April 21, 2017
Performing distcp with Namenode HA
April 21, 2017
SQL Server 2016 Standard Edition now supports what was an Enterprise Edition-only level feature – Availability Groups! Of course, there are limitations imposed from what you get in Enterprise, and I will cover those later. I am excited as one of our customers wants to start using this feature in production, so I figured I'd better get up close and personal with this new offering and set up a test environment to become familiar with the gotchas before implementing this for real. But first, I needed an environment with room for at least three VMs to play with this. What options do I have?
I decided it was time to get down and dirty with Azure VM and crack open the seal of my MSDN subscription Azure credits. I'd used Azure storage and backup before, but not VM as of yet. With my extensive VMware experience, it was very easy to jump in and get right to work. I created three VMs in short order – one domain controller and two SQL Servers. I realized you can create SQL 2016 AGs without a domain, but since the customer will be using a domain, I wanted to be familiar with this method. I used Windows Server 2012 R2 as that is also what the customer is employing.

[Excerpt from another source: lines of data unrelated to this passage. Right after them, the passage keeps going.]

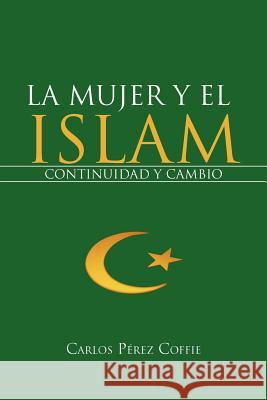 La Mujer y El Islam: Continuidad y Cambio P. Rez Coffie, Carlos 9781468595895 Authorhouse
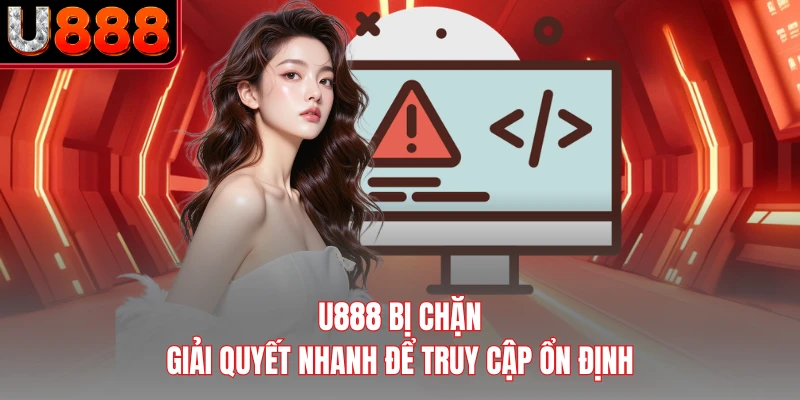 U888 Bị Chặn - Giải Quyết Nhanh Để Truy Cập Ổn Định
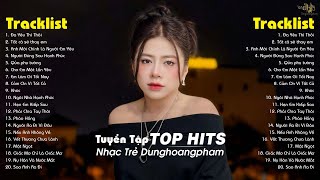 Dunghoangpham 2024 - Nhạc Trẻ Ballad Hay Nhất - Tuyển Tập Nhạc Trẻ Dunghoangpham Hot Nhất Hiện Nay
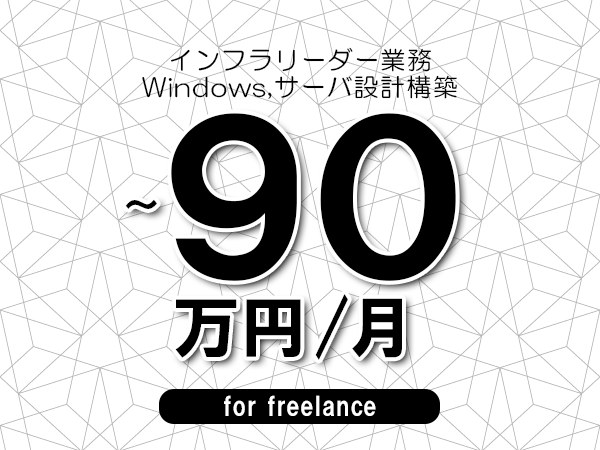 【75～90万円／フリーランス】＜Windows,サーバ設計構築/インフラリーダー業務＞◆完全週休2日制　◆年間休日120日以上　◆出張費用別途支給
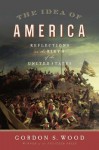 The Idea of America: Reflections on the Birth of the United States - Gordon S. Wood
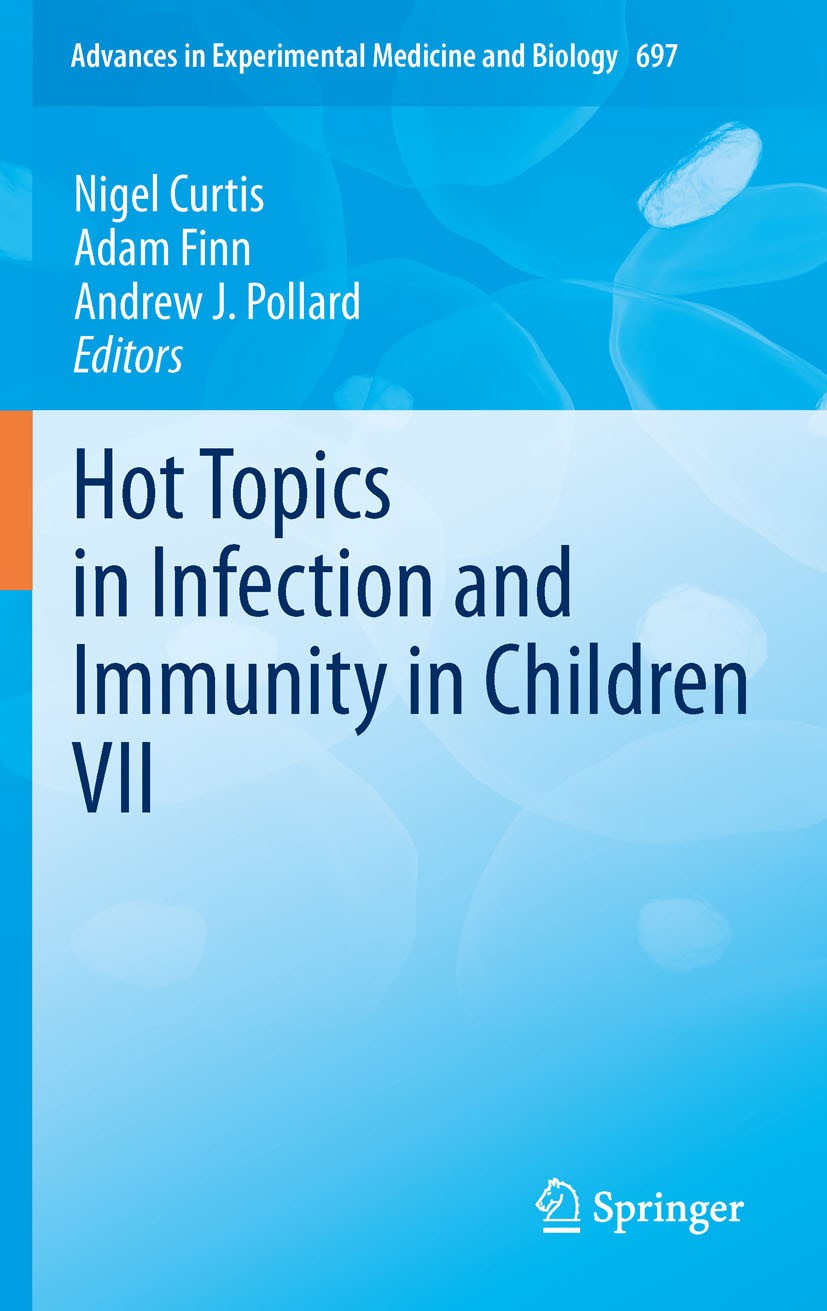 Titlebook: Hot Topics in Infection and Immunity in Children VII; Nigel Curtis,Adam Finn,Andrew J. Pollard Book 2011 The Editor(s) (if applicable) and Titlebook: Hot Topics in Infection and Immunity in Children VII; Nigel Curtis,Adam Finn,Andrew J. Pollard Book 2011 The Editor(s) (if applicable) and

I also need to keep in mind that they are using linked servers, so I need to be sure to enable the options for WITH DTC_SUPPORT = PER_DB or the equivalent checkbox in the GUI setup as well as install patch KB3090973 for Windows Server 2012 R2. Reference: https://blogs.technet.microsoft.com/dataplatform/2016/01/25/sql-server-2016-dtc-support-in-availability-groups/
Being pretty inexperienced with Azure, after creating the three VMs, creating the domain, joining the SQL VMs to the domain, and installing SQL on both VMs, I tried to create the cluster. As Murphy predicted, it failed. The reason? There is a construct called an Availability Set in Azure that you need to set up prior to creating your virtual machines in order for clustering to work. As defined by the link below: https://docs.microsoft.com/en-us/azure/virtual-machines/virtual-machines-windows-portal-sql-alwayson-availability-groups-manual?toc=%2fazure%2fvirtual-machines%2fwindows%2ftoc.json
"Before creating virtual machines, you need to create availability sets. Availability sets reduce downtime for planned or unplanned maintenance events. An Azure availability set is a logical group of resources that Azure places on physical fault domains and update domains. A fault domain ensures that the members of the availability set have separate power and network resources. An update domain ensures that members of the availability set are not brought down for maintenance at the same time."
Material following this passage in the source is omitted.